- Source records:
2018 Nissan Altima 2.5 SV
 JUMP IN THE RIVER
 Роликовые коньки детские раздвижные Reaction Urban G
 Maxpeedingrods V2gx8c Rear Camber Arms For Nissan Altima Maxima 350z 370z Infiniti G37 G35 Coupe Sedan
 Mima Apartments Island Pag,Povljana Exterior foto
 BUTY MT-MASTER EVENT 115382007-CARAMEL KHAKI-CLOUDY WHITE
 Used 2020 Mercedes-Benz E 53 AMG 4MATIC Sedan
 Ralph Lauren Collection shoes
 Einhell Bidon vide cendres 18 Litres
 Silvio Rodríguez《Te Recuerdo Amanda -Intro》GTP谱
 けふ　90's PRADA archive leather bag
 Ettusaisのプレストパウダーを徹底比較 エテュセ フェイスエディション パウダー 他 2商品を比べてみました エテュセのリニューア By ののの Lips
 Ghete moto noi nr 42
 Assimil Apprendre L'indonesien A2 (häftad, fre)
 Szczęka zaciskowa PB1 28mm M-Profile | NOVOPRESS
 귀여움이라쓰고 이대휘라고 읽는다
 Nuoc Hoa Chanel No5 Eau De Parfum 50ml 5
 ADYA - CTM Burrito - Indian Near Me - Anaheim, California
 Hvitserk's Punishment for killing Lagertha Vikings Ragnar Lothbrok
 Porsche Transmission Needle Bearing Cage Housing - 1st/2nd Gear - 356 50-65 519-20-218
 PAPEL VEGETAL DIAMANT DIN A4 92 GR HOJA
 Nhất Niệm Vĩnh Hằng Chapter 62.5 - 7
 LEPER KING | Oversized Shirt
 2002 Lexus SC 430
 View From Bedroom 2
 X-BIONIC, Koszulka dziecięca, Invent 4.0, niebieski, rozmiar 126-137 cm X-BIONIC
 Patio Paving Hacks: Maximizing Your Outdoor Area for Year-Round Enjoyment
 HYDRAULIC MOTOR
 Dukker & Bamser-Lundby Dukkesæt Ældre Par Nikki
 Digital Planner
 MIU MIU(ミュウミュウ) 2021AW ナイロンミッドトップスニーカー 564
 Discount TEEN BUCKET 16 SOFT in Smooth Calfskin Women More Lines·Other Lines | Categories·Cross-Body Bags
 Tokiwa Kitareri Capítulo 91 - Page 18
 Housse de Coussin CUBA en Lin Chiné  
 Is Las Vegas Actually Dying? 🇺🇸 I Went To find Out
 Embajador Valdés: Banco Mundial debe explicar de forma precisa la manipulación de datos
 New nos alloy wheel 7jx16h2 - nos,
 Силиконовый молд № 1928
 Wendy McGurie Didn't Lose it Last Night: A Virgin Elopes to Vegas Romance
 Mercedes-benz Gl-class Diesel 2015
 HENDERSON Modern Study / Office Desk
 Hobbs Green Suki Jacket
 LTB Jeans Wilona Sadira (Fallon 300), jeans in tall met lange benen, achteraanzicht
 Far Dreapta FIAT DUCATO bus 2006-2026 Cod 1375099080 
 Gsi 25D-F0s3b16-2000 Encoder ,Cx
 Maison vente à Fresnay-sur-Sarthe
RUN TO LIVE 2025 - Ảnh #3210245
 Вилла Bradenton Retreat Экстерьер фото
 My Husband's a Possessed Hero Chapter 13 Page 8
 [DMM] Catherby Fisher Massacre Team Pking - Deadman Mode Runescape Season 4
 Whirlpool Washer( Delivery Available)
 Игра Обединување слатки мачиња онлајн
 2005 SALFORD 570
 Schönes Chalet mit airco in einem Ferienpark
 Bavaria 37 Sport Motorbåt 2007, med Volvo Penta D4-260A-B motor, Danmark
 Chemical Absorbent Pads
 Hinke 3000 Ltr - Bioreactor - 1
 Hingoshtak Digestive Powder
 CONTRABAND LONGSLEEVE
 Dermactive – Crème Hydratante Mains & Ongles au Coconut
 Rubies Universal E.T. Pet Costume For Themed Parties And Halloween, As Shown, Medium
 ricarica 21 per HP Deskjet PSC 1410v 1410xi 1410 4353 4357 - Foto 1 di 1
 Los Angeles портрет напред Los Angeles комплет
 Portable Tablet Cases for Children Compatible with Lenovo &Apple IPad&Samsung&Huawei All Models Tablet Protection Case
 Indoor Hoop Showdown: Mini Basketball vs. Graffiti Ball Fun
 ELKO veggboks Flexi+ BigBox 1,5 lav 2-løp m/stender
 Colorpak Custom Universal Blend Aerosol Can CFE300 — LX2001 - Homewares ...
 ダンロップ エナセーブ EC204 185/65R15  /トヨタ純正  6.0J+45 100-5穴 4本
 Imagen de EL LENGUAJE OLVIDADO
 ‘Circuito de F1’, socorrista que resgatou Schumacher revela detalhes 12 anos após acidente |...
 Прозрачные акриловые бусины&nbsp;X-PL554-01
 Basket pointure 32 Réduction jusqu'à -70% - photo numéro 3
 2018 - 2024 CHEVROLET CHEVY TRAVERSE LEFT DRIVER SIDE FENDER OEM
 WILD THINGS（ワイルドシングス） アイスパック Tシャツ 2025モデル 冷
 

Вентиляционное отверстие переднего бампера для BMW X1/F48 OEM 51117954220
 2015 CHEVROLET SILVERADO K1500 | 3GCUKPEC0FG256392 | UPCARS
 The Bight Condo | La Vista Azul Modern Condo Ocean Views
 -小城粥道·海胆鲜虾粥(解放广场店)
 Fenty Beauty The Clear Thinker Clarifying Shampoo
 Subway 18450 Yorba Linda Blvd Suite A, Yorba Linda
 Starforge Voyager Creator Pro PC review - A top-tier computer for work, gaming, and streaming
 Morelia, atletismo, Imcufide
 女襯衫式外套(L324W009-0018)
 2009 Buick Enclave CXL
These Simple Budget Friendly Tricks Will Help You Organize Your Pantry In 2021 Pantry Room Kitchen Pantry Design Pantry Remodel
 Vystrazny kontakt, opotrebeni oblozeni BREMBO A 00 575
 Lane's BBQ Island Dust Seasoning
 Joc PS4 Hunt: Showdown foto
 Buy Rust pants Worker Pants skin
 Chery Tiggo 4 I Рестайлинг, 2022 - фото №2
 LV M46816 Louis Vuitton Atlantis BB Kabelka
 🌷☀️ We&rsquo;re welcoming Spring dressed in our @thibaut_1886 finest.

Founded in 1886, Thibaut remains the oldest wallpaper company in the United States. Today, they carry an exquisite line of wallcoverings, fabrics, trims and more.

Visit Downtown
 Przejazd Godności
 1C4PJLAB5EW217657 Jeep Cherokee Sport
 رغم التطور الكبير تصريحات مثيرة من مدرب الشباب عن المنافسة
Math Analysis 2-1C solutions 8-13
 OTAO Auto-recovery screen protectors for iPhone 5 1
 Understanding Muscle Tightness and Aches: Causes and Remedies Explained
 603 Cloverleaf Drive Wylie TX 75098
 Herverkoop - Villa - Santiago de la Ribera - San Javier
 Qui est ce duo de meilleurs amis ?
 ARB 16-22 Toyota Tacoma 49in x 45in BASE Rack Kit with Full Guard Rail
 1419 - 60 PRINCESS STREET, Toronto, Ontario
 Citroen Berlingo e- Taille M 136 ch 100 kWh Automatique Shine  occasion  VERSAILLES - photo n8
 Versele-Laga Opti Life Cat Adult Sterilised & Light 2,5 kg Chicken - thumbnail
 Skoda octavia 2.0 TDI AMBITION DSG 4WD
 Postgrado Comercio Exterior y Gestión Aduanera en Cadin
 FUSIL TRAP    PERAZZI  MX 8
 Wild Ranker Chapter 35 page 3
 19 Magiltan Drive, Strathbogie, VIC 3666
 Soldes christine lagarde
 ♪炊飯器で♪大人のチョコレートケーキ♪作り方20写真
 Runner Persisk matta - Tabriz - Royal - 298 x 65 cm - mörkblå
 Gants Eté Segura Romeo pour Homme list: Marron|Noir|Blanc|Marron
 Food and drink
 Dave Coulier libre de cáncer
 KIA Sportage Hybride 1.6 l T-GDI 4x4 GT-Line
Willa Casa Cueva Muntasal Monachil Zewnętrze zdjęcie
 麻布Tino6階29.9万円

- Exercise description:
Retype, exactly and in full, the lines above from the one containing "Dukker & Bamser-Lundby" through the one containing "Housse de Coussin CUBA en Lin Chiné".

- Response to the exercise:
 Dukker & Bamser-Lundby Dukkesæt Ældre Par Nikki
 Digital Planner
 MIU MIU(ミュウミュウ) 2021AW ナイロンミッドトップスニーカー 564
 Discount TEEN BUCKET 16 SOFT in Smooth Calfskin Women More Lines·Other Lines | Categories·Cross-Body Bags
 Tokiwa Kitareri Capítulo 91 - Page 18
 Housse de Coussin CUBA en Lin Chiné  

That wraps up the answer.